The first piece of good news that came to the commission was the revelation that the state will not force mandatory sprinkler systems into newly built county homes for several years.
“Basically it’s backed off now until 2015,” said Director of Development Review and Permitting Ed Tudor.
Last year, the commission had voted to exclude Worcester from a then-fresh state mandate that would have required all new residential homes to have expensive fire suppression sprinkler systems included. But a few months ago, the commissioners learned that Annapolis decided to make the systems mandatory regardless of whether local government had decided to opt out.
However, Tudor revealed Tuesday that the Maryland Department of Housing and Community Development’s interpreted the recent legislation that would have made sprinkler systems mandatory in such a way as to allow counties that previously opted out to continue to do so until the next code cycle in 2015.

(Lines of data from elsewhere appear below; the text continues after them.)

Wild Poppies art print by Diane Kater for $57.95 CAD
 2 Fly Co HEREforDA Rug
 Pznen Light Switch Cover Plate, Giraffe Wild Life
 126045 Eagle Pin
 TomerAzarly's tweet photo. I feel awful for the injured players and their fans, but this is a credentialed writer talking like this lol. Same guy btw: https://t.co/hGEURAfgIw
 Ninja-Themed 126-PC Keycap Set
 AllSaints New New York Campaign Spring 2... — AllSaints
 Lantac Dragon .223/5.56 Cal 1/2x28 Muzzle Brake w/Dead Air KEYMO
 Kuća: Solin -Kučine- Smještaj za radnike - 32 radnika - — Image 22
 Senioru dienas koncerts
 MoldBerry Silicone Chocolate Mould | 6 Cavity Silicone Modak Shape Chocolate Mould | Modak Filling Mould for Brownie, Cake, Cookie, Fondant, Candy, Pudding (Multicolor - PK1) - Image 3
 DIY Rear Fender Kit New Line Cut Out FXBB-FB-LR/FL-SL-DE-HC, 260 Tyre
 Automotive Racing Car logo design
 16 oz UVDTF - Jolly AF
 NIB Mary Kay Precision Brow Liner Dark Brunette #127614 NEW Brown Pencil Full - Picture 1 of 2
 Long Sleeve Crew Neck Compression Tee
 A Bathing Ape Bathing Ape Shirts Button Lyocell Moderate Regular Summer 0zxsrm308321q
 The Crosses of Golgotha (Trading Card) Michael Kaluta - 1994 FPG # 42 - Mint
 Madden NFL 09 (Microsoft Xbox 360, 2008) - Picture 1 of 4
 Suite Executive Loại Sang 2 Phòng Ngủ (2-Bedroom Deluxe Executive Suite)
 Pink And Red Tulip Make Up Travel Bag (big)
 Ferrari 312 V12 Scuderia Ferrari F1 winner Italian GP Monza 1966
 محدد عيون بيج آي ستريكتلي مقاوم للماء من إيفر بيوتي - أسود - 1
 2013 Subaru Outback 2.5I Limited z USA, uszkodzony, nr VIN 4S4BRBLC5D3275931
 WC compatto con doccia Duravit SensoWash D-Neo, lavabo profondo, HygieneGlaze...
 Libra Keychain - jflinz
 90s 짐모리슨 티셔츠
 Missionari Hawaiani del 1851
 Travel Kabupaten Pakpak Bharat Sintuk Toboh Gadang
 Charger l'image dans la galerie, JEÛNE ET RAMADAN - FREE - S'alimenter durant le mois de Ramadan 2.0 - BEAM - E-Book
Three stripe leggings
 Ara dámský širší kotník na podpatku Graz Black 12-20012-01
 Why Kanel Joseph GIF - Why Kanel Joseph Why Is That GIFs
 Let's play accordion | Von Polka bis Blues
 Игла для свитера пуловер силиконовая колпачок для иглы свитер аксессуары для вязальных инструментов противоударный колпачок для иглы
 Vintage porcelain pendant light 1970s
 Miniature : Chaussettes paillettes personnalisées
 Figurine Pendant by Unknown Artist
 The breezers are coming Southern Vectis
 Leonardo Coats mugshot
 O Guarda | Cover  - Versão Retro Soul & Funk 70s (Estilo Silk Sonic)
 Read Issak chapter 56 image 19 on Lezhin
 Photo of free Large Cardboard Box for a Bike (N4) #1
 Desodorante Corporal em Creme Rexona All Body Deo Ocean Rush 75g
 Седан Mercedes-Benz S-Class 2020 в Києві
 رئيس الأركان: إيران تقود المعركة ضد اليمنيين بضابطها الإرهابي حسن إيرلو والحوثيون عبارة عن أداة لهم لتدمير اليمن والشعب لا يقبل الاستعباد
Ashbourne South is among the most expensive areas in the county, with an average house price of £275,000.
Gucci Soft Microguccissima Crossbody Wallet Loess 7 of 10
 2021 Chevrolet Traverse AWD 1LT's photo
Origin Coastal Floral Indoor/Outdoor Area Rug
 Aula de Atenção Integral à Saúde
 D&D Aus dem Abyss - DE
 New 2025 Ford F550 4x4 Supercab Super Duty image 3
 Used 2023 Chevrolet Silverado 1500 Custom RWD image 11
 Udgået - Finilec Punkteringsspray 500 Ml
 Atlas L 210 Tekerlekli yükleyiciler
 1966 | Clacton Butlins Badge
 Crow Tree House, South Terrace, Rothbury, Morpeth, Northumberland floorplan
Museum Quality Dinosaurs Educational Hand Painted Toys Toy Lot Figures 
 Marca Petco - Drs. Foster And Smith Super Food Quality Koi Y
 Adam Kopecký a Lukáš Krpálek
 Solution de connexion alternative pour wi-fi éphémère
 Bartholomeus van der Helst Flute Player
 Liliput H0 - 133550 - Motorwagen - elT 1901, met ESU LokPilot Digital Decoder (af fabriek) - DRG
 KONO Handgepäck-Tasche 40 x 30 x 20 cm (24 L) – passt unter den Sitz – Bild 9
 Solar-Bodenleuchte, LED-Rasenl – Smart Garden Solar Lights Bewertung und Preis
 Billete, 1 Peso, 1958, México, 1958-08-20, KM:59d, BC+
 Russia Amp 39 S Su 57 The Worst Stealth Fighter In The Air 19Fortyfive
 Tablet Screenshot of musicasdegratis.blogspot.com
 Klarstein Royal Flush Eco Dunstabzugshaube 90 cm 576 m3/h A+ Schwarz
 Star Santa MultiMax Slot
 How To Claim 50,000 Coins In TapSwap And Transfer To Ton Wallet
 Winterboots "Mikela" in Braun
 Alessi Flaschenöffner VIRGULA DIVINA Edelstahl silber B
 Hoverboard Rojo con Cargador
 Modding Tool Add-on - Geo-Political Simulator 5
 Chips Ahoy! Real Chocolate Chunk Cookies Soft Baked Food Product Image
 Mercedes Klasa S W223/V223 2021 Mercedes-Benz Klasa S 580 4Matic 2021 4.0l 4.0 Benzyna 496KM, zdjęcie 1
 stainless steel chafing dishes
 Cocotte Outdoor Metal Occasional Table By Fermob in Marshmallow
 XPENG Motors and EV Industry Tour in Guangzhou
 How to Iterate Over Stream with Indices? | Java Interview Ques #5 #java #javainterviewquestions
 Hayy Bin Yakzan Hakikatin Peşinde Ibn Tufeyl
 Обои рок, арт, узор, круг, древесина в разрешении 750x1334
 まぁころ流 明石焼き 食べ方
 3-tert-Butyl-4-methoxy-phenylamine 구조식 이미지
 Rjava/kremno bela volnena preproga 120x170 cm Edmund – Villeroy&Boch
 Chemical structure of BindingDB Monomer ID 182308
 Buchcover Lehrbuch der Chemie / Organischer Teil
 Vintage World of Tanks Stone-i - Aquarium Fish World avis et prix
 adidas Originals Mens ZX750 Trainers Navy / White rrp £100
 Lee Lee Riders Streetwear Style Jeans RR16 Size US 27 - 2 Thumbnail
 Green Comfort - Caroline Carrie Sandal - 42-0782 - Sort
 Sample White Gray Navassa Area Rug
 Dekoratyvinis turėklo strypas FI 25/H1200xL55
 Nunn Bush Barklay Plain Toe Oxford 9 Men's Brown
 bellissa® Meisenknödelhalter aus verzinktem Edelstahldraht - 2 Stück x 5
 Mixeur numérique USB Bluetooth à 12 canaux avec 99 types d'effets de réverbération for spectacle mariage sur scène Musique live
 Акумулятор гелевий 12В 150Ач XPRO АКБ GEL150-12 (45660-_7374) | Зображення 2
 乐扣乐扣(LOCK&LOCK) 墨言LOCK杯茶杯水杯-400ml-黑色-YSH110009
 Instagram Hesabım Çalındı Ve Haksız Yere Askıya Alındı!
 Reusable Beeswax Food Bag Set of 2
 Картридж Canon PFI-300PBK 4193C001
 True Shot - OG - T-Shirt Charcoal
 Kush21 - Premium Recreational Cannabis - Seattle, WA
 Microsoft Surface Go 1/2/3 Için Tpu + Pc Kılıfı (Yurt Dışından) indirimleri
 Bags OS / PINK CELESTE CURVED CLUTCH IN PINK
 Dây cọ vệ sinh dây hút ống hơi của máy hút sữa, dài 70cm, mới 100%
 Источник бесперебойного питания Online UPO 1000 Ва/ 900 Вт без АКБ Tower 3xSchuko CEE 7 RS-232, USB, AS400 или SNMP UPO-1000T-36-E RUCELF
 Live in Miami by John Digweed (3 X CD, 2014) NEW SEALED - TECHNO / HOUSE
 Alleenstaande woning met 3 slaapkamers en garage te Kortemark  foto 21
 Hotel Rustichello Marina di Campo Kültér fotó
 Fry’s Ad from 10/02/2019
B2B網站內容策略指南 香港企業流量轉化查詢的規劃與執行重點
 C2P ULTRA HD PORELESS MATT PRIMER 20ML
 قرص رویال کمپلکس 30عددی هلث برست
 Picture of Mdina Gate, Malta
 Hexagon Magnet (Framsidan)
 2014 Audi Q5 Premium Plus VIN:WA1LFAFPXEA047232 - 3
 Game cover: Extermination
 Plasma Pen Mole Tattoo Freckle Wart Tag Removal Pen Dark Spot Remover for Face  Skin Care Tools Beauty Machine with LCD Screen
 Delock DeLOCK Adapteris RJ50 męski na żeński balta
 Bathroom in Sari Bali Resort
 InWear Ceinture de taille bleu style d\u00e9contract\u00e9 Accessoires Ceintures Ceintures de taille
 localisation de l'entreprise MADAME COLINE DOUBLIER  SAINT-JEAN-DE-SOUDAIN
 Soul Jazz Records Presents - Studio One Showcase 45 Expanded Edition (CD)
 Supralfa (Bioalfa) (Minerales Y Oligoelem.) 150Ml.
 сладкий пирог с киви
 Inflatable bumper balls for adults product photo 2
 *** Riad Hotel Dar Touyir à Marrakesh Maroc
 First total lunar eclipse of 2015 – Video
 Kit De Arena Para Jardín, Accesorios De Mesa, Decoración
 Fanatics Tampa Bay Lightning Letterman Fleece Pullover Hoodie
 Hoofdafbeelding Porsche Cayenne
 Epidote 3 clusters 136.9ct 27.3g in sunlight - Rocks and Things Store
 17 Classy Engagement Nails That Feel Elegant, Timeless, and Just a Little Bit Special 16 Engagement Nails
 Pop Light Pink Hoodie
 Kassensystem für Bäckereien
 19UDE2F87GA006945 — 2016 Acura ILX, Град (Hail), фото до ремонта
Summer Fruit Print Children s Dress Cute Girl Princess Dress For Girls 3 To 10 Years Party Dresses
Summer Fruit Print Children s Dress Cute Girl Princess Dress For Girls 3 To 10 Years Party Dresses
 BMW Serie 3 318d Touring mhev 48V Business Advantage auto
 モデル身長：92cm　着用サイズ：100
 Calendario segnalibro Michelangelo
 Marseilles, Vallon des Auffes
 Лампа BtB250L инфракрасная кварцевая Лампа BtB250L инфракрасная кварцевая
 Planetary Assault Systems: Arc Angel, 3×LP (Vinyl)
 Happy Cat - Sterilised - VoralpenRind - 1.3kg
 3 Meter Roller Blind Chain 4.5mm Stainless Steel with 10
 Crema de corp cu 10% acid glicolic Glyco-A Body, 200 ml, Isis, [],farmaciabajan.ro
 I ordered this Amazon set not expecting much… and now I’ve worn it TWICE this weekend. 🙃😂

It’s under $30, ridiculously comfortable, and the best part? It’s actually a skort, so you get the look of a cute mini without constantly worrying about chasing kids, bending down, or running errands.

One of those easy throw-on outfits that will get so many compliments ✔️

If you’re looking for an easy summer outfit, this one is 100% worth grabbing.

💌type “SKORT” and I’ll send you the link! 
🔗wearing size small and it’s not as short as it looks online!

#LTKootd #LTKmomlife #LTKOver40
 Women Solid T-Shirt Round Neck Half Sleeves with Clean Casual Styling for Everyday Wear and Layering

“It’s one minor victory,” said Commission President Bud Church, who has been vocal in his dissatisfaction with state intrusion into local government this year.
The other piece of good news, while not a clear-cut a victory for the commission, is the Administrative, Executive, Legislative Review (AELR) committee will continue taking comments past its previous deadline in regards to controversial proposed septic regulations.
Earlier this month, the commissioners received word that Annapolis planned on handing down more stringent home septic regulations than previously anticipated. Those regulations would require an expensive initiative to install new septic systems using Best Available Technologies (BATs) in new residential structures in both critical and non-critical watershed areas.
While the commissioners all agreed that the goal of the regulations was positive, the expense, which would fall almost entirely on the county, was unrealistic and wrote a letter to the state to that effect. Commissioner Madison Bunting, along with many other state and county representatives, contributed comments to the first AELR committee hearing last week.
Bunting suggested that Worcester look into the legality of the proposed septic regulations while continuing to emphasize how unrealistic the county believes the costs would be.